# [Exercise prompt]
Everything below from the line with "Trifolium pallescens \" through the line with "Stag Handle #5" should be copied exactly, and nothing else; leave out the pictures.

# [Provided records]
-- -- --

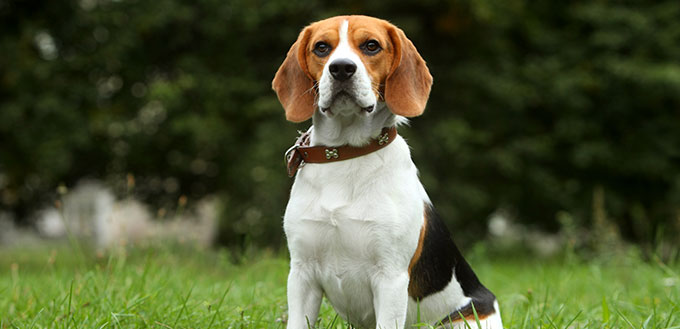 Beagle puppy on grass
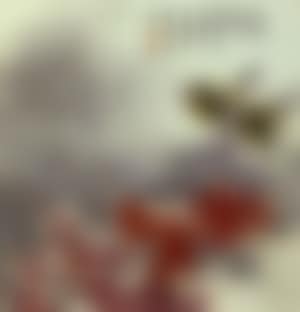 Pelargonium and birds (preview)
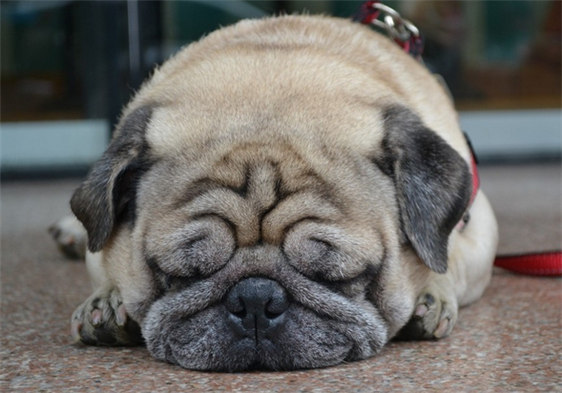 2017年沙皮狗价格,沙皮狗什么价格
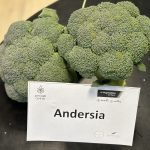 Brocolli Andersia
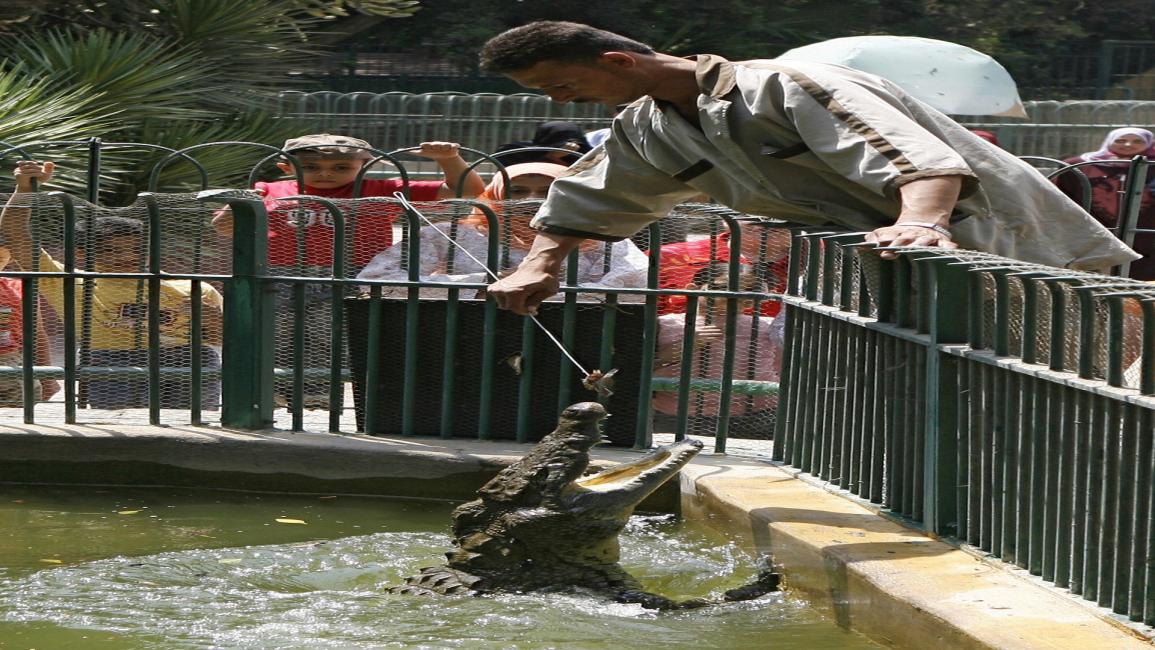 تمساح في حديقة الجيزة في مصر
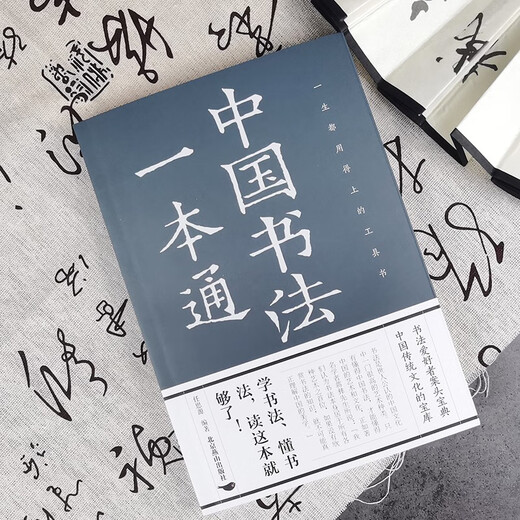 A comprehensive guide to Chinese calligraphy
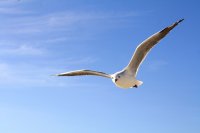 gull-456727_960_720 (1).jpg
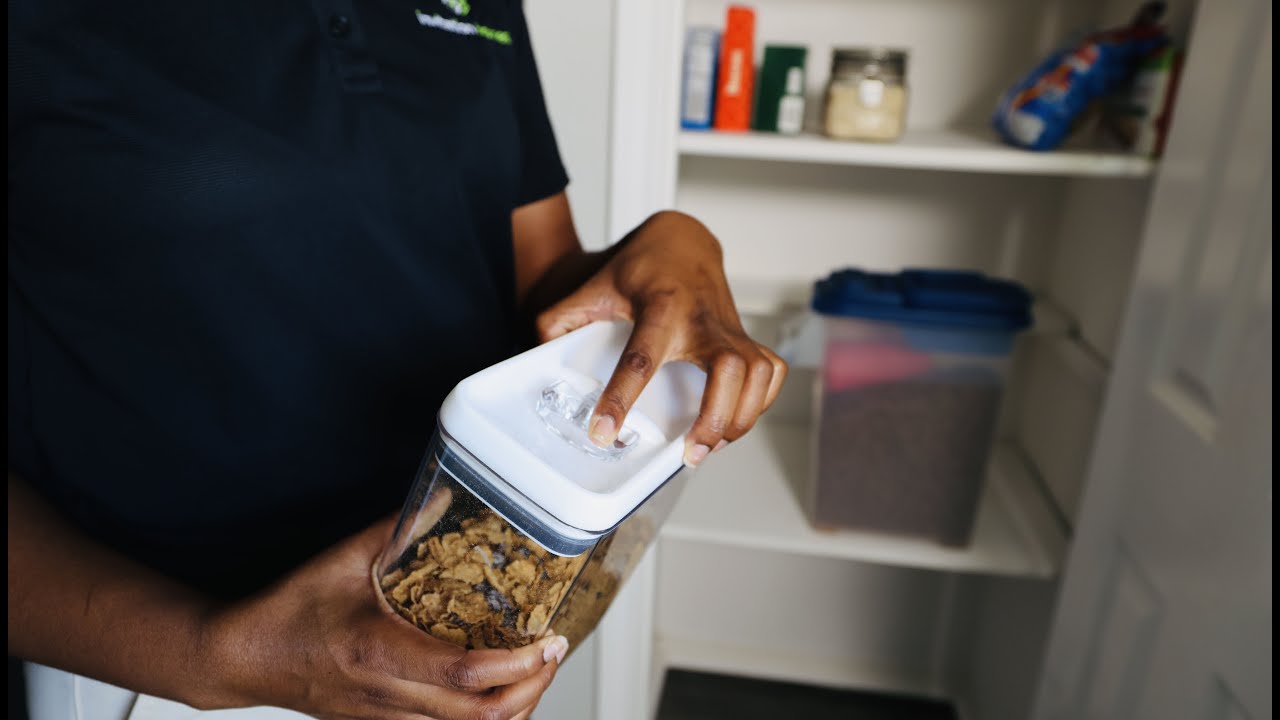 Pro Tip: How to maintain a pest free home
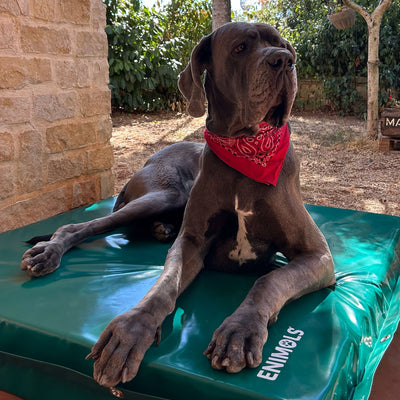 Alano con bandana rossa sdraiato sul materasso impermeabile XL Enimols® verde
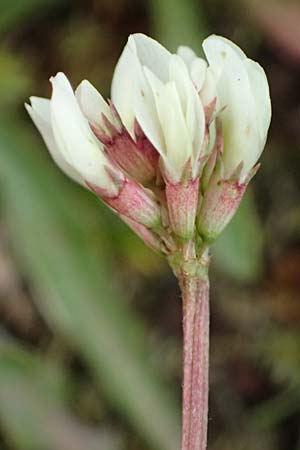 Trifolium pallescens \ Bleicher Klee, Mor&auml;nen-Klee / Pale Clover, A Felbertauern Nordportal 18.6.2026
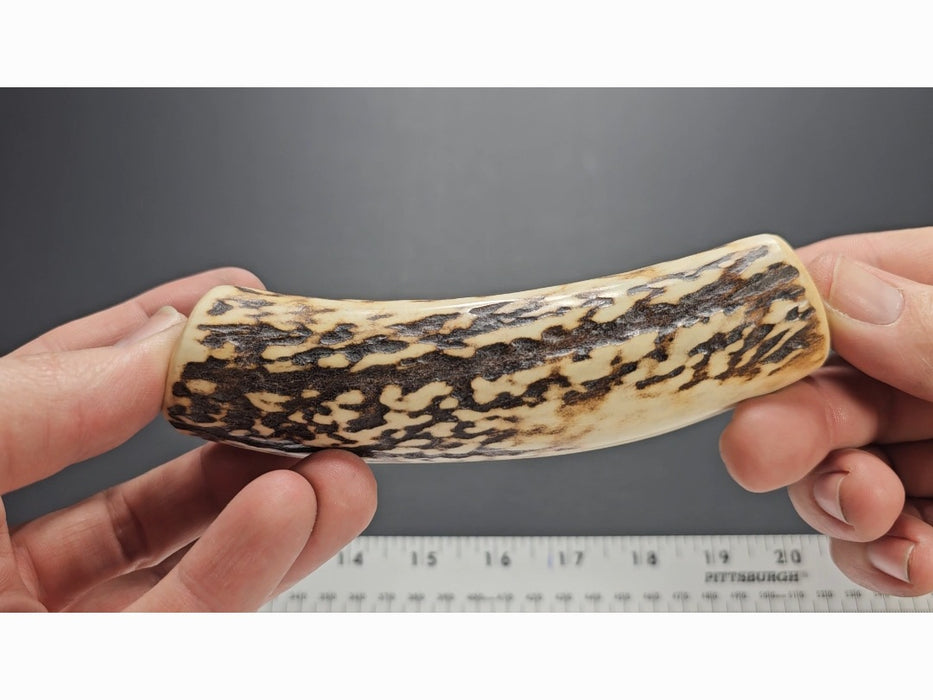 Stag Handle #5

-- -- --

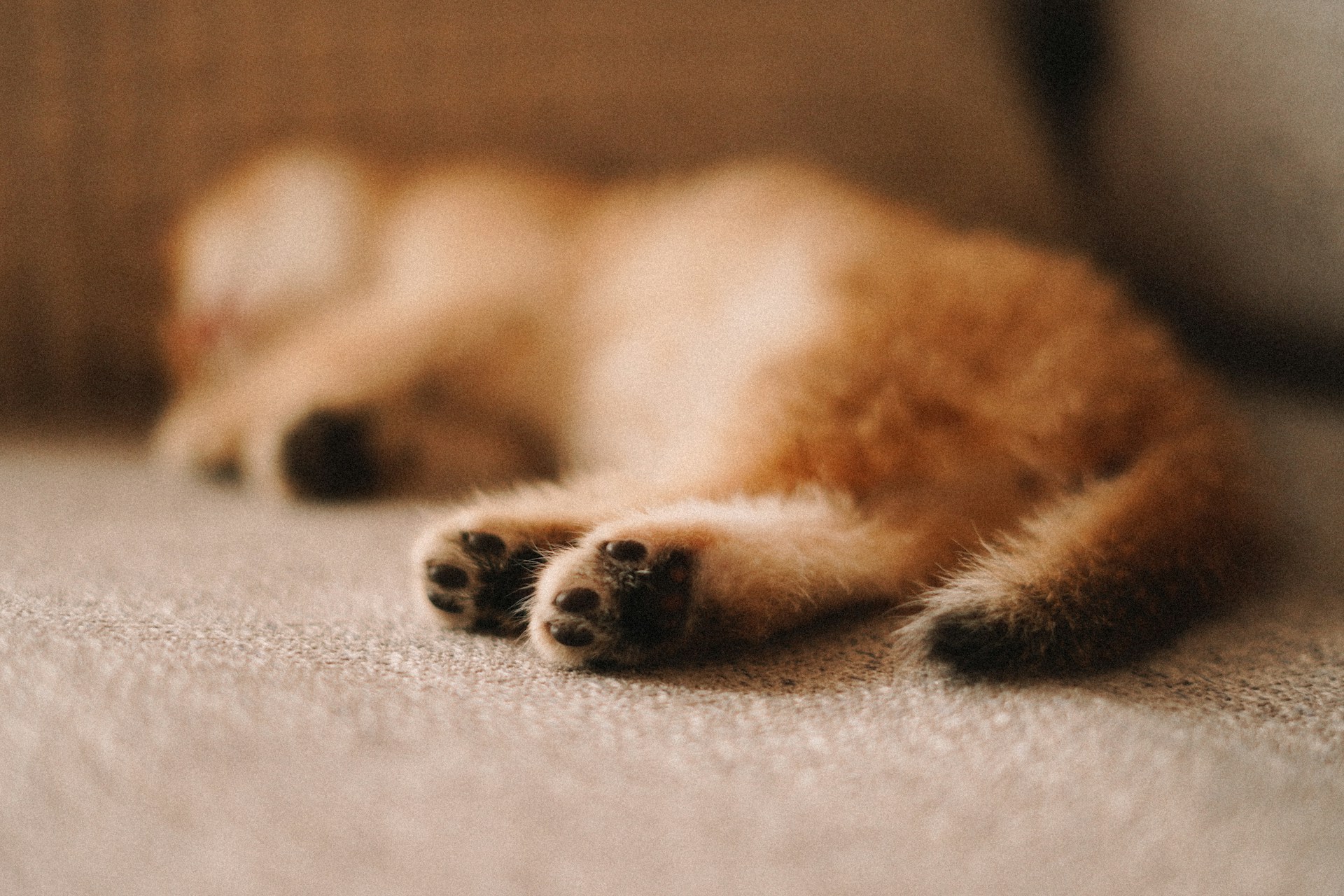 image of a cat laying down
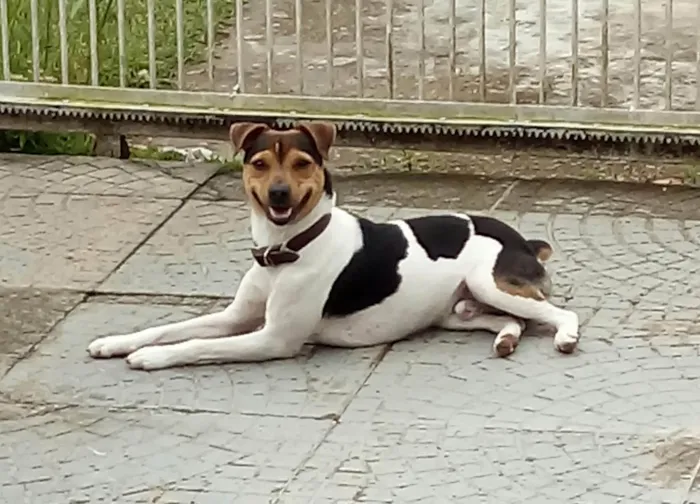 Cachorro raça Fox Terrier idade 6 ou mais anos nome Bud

-- -- --

# [Expected answer]
 Trifolium pallescens \ Bleicher Klee, Mor&auml;nen-Klee / Pale Clover, A Felbertauern Nordportal 18.6.2026
 Stag Handle #5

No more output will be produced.